- [Exercise aim]:
Compute how many lines in the data below contain "steel"; answer only with that number.

- [Given data]:
****************
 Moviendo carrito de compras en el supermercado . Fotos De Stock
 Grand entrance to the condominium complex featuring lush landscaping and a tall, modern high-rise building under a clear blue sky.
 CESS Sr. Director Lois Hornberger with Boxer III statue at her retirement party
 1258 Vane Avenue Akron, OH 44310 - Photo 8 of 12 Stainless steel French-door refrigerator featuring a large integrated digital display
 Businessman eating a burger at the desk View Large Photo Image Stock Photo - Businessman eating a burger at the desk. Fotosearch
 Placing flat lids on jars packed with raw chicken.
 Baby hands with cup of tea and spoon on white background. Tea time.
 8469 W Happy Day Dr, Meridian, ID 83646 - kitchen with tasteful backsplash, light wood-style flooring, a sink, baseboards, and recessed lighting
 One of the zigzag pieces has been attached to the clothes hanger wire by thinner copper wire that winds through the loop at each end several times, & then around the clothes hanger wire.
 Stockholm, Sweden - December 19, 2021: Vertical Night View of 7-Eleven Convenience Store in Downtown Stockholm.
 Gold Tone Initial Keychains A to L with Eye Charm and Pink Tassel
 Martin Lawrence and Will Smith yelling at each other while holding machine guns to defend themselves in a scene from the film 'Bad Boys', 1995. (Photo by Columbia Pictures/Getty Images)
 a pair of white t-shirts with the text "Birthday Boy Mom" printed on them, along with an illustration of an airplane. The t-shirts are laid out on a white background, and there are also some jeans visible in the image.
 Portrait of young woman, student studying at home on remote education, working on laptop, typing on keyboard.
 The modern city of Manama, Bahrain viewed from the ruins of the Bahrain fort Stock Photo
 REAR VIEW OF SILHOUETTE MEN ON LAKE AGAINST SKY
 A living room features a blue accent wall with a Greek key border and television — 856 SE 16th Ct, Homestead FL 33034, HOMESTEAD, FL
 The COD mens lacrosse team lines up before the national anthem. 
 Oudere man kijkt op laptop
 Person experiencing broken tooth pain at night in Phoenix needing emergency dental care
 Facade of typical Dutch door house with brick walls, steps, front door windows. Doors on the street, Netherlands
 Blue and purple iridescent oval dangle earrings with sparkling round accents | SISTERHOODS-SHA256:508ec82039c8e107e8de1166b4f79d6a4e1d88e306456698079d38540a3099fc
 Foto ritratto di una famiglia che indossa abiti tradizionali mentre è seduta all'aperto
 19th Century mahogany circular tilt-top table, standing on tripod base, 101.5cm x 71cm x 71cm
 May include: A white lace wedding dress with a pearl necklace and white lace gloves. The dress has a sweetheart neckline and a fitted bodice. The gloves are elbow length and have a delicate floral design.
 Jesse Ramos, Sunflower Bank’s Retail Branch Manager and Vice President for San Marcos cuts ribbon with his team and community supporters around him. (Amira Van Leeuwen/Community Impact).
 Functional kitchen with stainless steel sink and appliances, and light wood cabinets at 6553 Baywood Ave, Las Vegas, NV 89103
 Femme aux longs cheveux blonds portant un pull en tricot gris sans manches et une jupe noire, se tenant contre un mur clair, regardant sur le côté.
****************
- [Response to this task]:
2